# Does the news ever upset you?



## pchrise (Dec 2, 2014)

*More now or when you were younger? Do not remember following news too much when younger , I guess too busy with life. I remember a few bad stories that did not upset me all that much.  I guess now what upsets me is the in your face and going over and over the same thing.* *I just live in the here and now and keep out of trouble, so a quick check of the area news and I'm done*


----------



## Don M. (Dec 2, 2014)

If a person spends much time watching the Cable News....Fox, MSNBC, CNN, etc., they will get a very biased viewpoint of what is going on....especially where matters of politics are concerned.  It has reached the point where a person has to take their nonsense with a Large grain of salt, and do some good research on their own, if they want to get the full story.  But then, if a person recognizes that all these cable venues are in it primarily for the money, and whipping up peoples emotions, to get higher viewership ratings, such that the channels can charge higher prices for their endless commercials, it all begins to make sense.  The days of accurate reporting of the facts, without inserting some "talking heads" personal opinions are long gone.


----------



## Butterfly (Dec 3, 2014)

I can't stand watching TV news anymore -- too many commercials, for one thing, and way too much inane stuff.  I do check out the internet news sites.  I can pick and choose what I want to read about.


----------



## Knightofalbion (Dec 3, 2014)

Sure it can cause upset and distress, bad things are happening, *but* at the same time it can also inspire one to want to help and motivate one to want to fight injustice.

Not knowing helps no-one. Better to know and do something about it.


----------



## Debby (Dec 3, 2014)

Personally, after some specific revelations that I've observed about mainstream (news) media, I only watch if I want info of the 'cat saved from tree' quality.  But when it comes to foreign affairs and economics, MSM is only giving you what the 1% think will keep the 'game' going.  And the game is all about keeping the money flowing into their pockets.


----------



## QuickSilver (Dec 3, 2014)

Of course it does..  but what can you do?  Keep informed and vote accordingly.


----------



## pchrise (Dec 3, 2014)

Butterfly said:


> I can't stand watching TV news anymore -- too many commercials, for one thing, and way too much inane stuff.  I do check out the internet news sites.  I can pick and choose what I want to read about.
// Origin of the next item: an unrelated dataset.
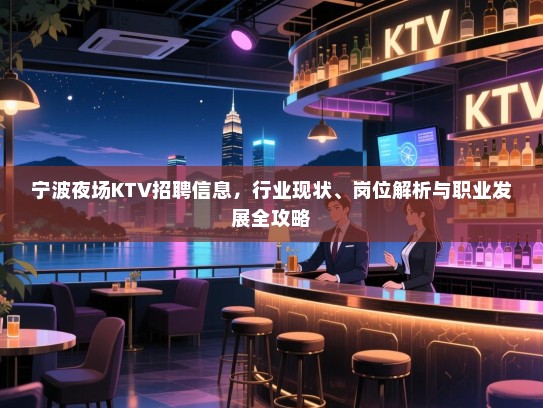 宁波夜场KTV招聘信息，行业现状、岗位解析与职业发展全攻略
*What I really hate how all the media just profits from others miss fortunes*


----------



## Debby (Dec 3, 2014)

QuickSilver said:


> Of course it does..  but what can you do?  Keep informed and vote accordingly.




I would add to that, contact your representative every last time you see something that makes you angry because 'it just ain't right'!  It's our responsibility to let those bozo's know in between times exactly what we're thinking.  Otherwise they think the status quo is acceptable to the unwashed masses and they don't have any reason to improve their game.  And if they never feel the need to improve, then when you vote, your vote gets you more of the same.


----------



## Don M. (Dec 3, 2014)

Butterfly said:


> I can't stand watching TV news anymore -- too many commercials, for one thing, and way too much inane stuff.  I do check out the internet news sites.  I can pick and choose what I want to read about.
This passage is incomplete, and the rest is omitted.